The health economy is a significant source of economic growth and a target of large portion of household consumption: it encompasses areas such as elderly care, sports and well-being, and manufacturing of healthcare products. Furthermore, the health workforce is an important component of the health economy and constitutes typically also a significant portion of the overall labour force of a country. Globally, the health sector is the fastest growing employment sector. Despite this, the health workforce is often seen as a cost to be contained, rather than an investment to the economy itself.
Partially due to its size, the health economy has a great potential to increase and stabilise the economy of countries in various stages of development. Demand for health sector employment and health service provision does not reduce during periods of instability in a similar manner as other sectors, making it a reliable source of employment, stability and economic output for countries, in particular in low and middle income settings.

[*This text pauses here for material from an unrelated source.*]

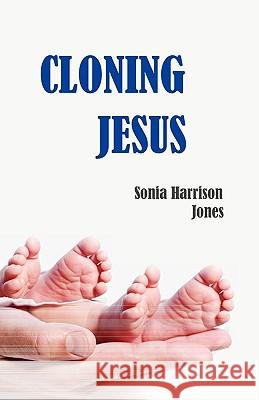 Cloning Jesus Sonia Harrison Jones 9780981047041 Erser and Pond Publishers Ltd. - książka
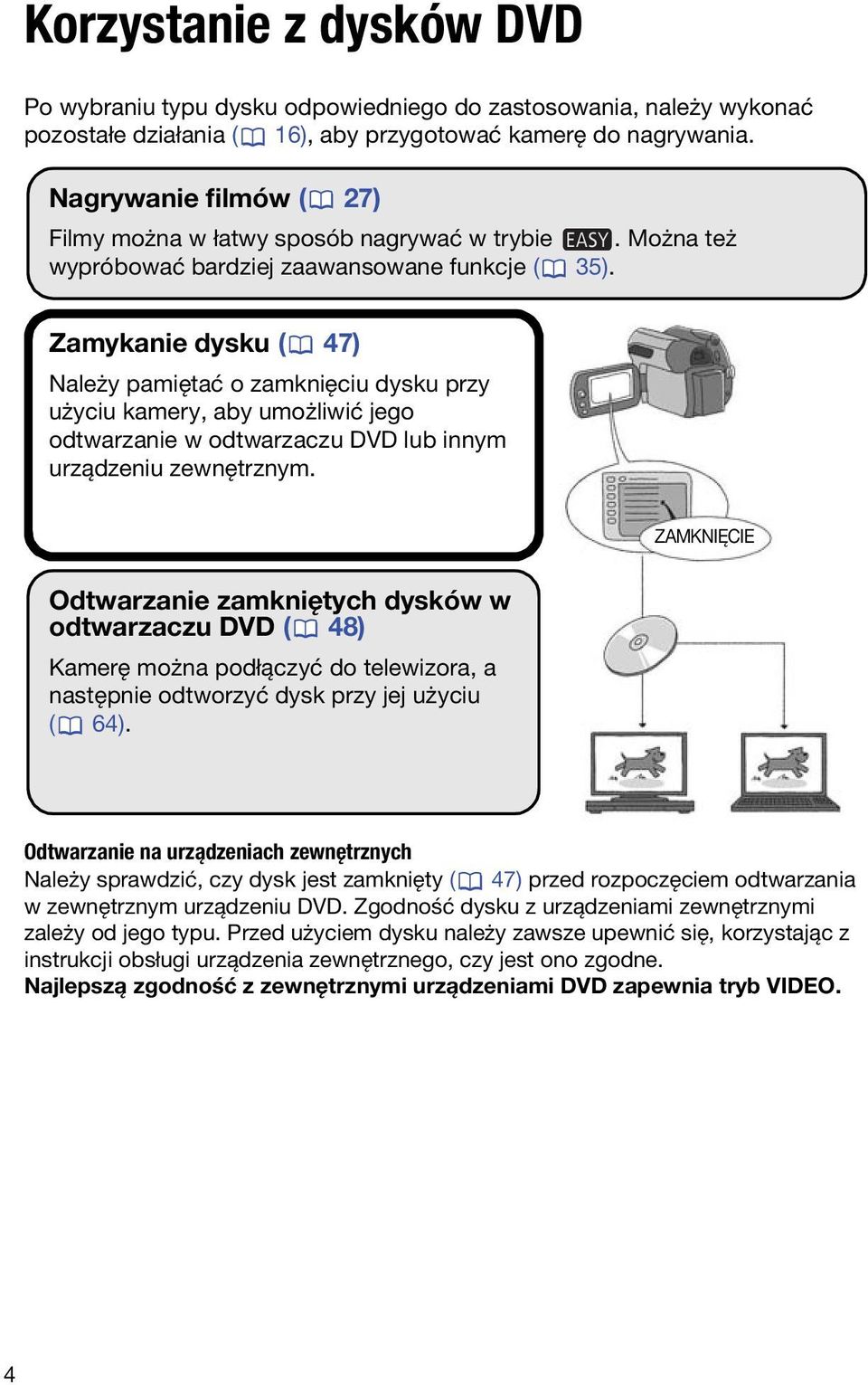 Zamykanie dysku ( 47) Należy pamiętać o zamknięciu dysku przy użyciu kamery, aby umożliwić jego odtwarzanie w odtwarzaczu DVD lub innym urządzeniu zewnętrznym.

It is impossible to discuss the health economy without discussing the role of women: 70% of the global health workforce are women, who are concentrated particularly at the low-paid and unpaid end of the scale. At the same time, women’s paid labour force participation is a motor for economic growth, and the increasing demand for the health workforce globally provides more employment opportunities for women, as well as an added asset towards creating economic prosperity. However, currently the unpaid care and health work provided by women is in effect a very significant hidden subsidy to the economy. The private sector can play a pivotal role in investing to decent employment for women in the health sector. In addition to the investment into health workforce and in particular women working in the sector, good governance and stewardship from the governments are needed.
Finally, the private sector has a role in the provision of health for all because many countries are struggling to provide universal health coverage on public sector provision alone. Therefore, the involvement of both non-profit and for-profit health providers outside the government is both complimentary and necessary. Nevertheless, multiple political, economic, regulatory and legal barriers still hinder the participation of private sector in primary health provision. In many cases, it is very difficult for governments to engage with scattered for-profit providers and to oversee the quality and standards of health-services they provide. Many countries have begun benefiting from a network of specialised private sector health providers rather than a single provider responsible for all health services. Engaging in the health economy provides multiple avenues and can be advantageous for the both the private and the public sector.
Economies with better health systems are known to have higher human capital due to healthier population, making them more successful in the long term. Therefore, the intended outcome of a new health economy is a healthier population who can access appropriate health services without the prospect of financial hardship.